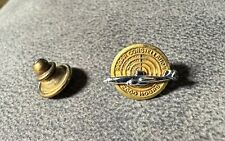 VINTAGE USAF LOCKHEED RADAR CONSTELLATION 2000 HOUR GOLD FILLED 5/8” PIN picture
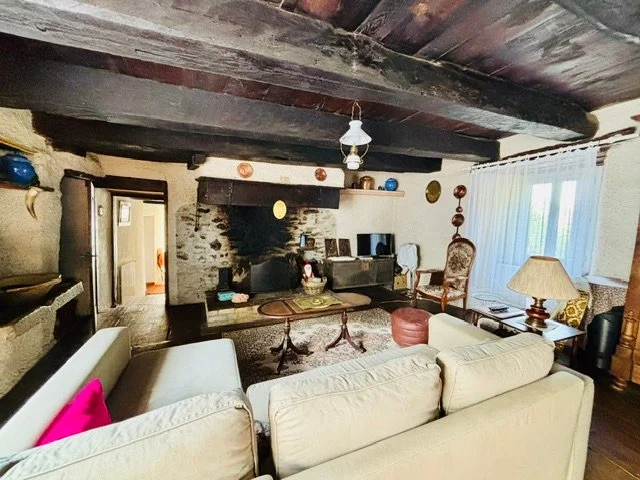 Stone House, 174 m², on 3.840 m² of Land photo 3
-=-=-=-=-
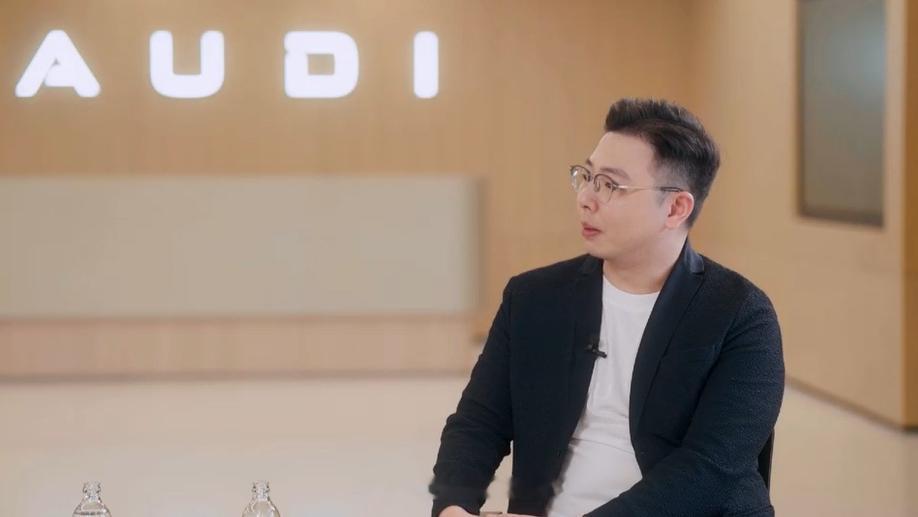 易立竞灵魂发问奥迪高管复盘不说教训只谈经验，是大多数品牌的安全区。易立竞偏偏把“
-=-=-=-=-
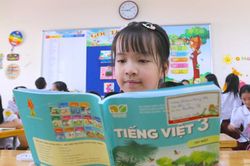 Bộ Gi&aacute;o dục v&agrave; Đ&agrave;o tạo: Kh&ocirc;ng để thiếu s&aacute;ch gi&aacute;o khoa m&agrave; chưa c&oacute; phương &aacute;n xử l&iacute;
-=-=-=-=-
● INSTRUCTIONS FOR THE TASK:
Restate word for word every line from the one with "VINTAGE USAF LOCKHEED" up to and including the one with "Stone House, 174" in the records above, minus the pictures.

● ANSWER FOR THE TASK:
 VINTAGE USAF LOCKHEED RADAR CONSTELLATION 2000 HOUR GOLD FILLED 5/8” PIN picture
 Stone House, 174 m², on 3.840 m² of Land photo 3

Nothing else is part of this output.